- Directed by: Ragnar Bragason
- Written by: Ragnar Bragason Víkingur Kristjánsson Nanna Kristín Magnúsdóttir Ingvar Eggert Sigurðsson
- Starring: Ingvar Eggert Sigurðsson Edda Arnljótsdóttir Reine Brynolfsson Nína Dögg Filippusdóttir
- Edited by: Valdís Óskarsdóttir
- Release date: 19 January 2007 (Iceland);
- Running time: 87 minutes
- Country: Iceland
- Language: Icelandic
- Budget: $400,000

= Parents (2007 film) =

2007 Icelandic film

Foreldrar (Parents) is a 2007 Icelandic film written and directed by Ragnar Bragason. Foreldrar won five Edda Awards in 2007, and follows his 2006 film Börn (Children).

== Plot ==
Óskar (Ingvar Eggert Sigurðsson), a dentist, has been married for five years and lives with his wife and their adopted children. However, Oscar wants a biological child, and later discovers that his wife has been deceiving him.
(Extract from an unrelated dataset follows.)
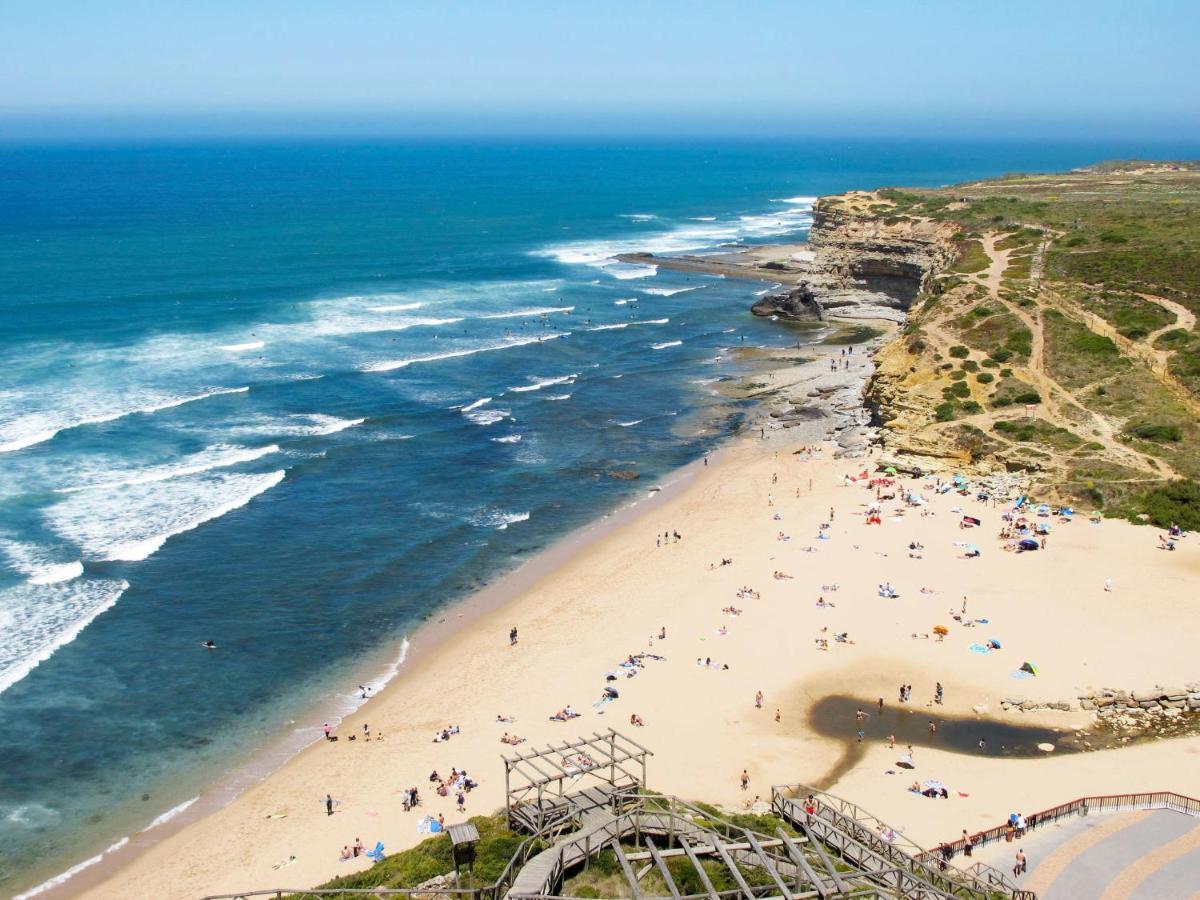 Studio Studio Ericeira By Interhome Exterior foto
Einar (Víkingur Kristjánsson), a successful stockbroker, has been living in a hotel for several months while waiting for his wife to take him back. Katrin Rós (Nanna Kristín Magnúsdóttir) has been living in Sweden for eight years, and then returns to Iceland. Her now eleven-year-old son has been brought up by his grandmother, but Katrin wants him back. She gets a job as a dentist's assistant, and although seeking a new life, her difficult past eventually catches up with her.